This research demonstrates two methodologies for detecting cracks in a metal spindle housed deep within a vehicle wheel end assembly. First, modal impacts are imposed on the hub of the wheel in the longitudinal direction to
produce broadband elastic wave excitation spectra out to 7000 Hz. The response data on the flange is collected using
3000 Hz bandwidth accelerometers. It is shown using frequency response analysis that the crack produces a filter, which
amplifies the elastic response of the surrounding components of the wheel assembly. Experiments on wheel assemblies
mounted on the vehicle with the vehicle lifted off the ground are performed to demonstrate that the modal impact method
can be used to nondestructively evaluate cracks of varying depths despite sources of variability such as the half shaft
angular position relative to the non-rotating spindle.

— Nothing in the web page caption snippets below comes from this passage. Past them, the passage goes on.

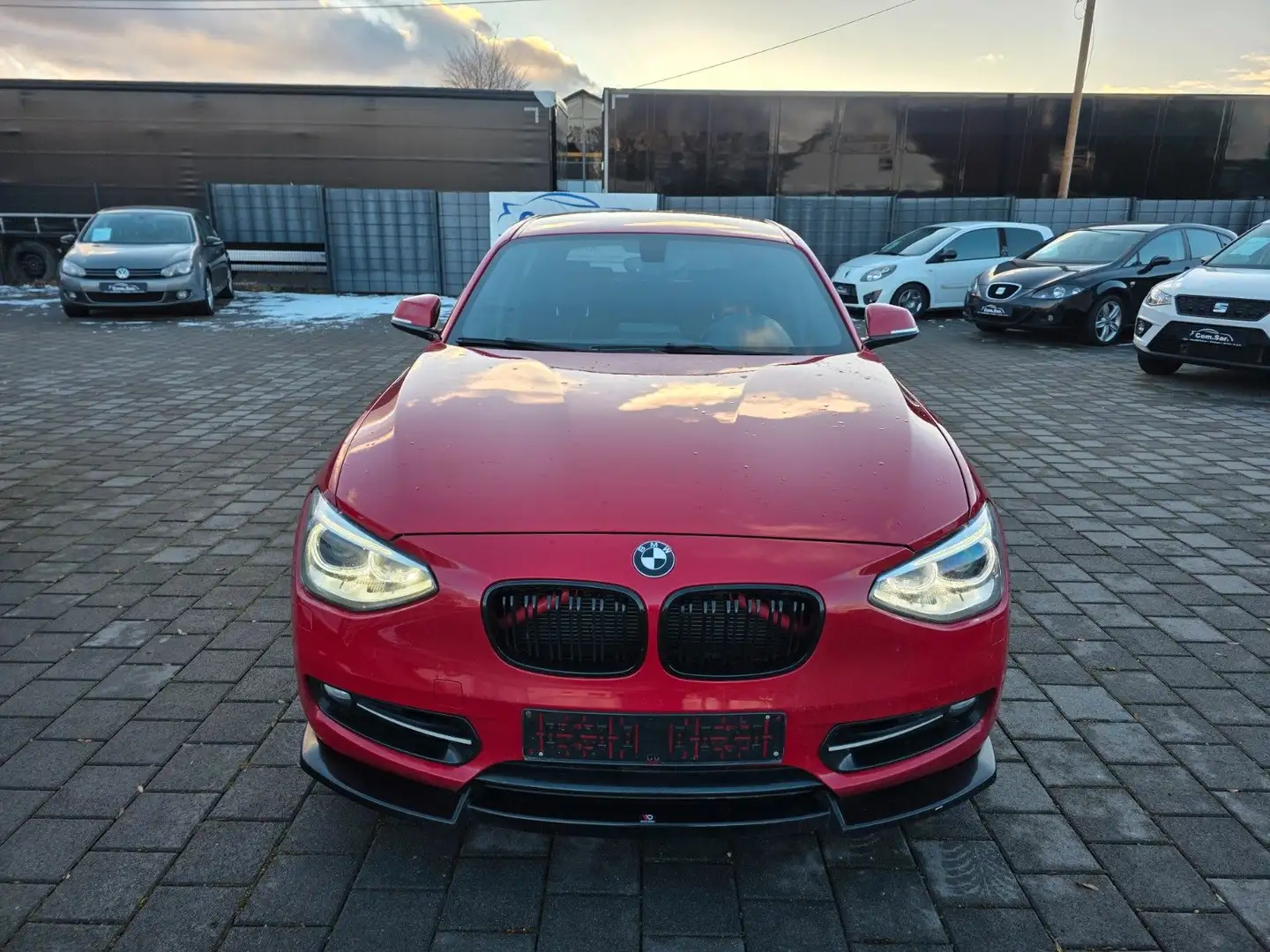 BMW 118 i Sport *Alu-Felgen*TÜV-07/2027*Parktronic*+ Rot - 2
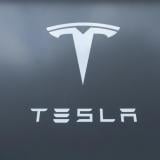 100 GW цел: Tesla инвестира $2.9 млрд. в китайски соларни технологии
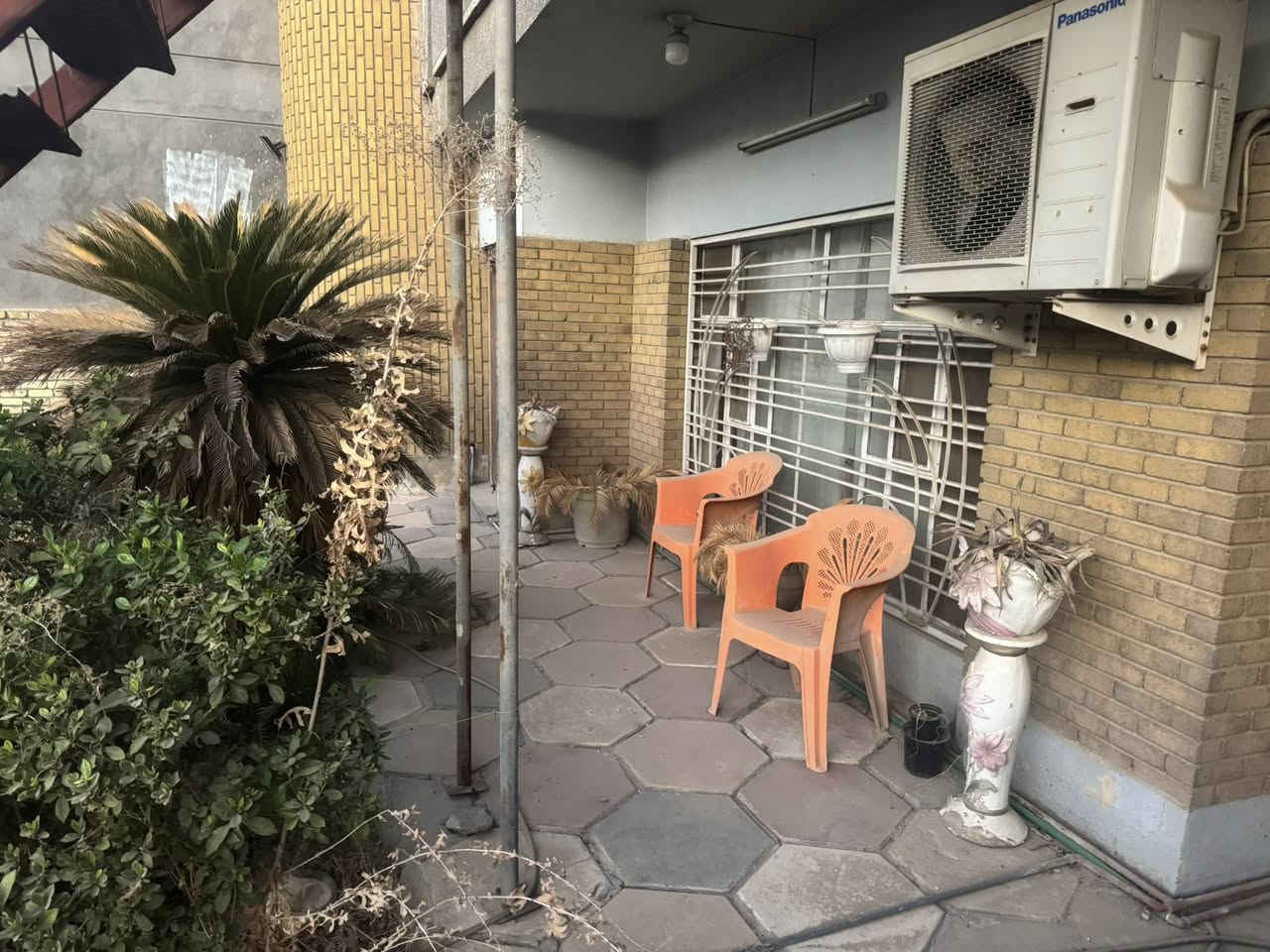 بيت للبيع 400 متر البنوك شارع الكنيسه فرع مدرسه القيم يباع كامل او نص ( غير معروض عند دلال ) 
***********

Second, an automatic piezo-stack actuator is utilized to excite the wheel hub with a swept sine signal extending
from 20 kHz. Accelerometers are then utilized to measure the response on the flange. It is demonstrated using
frequency response analysis that the crack filters waves traveling from the hub to the flange.
A simple finite element model is used to interpret the experimental results. Challenges discussed include
variability from assembly to assembly, the variability in each assembly, and the high amount of damping present in each
assembly due to the transmission gearing, lubricant, and other components in the wheel end. A two-channel
measurement system with a graphical user interface for detecting cracks was also developed and a procedure was created
to ensure that operators properly perform the test.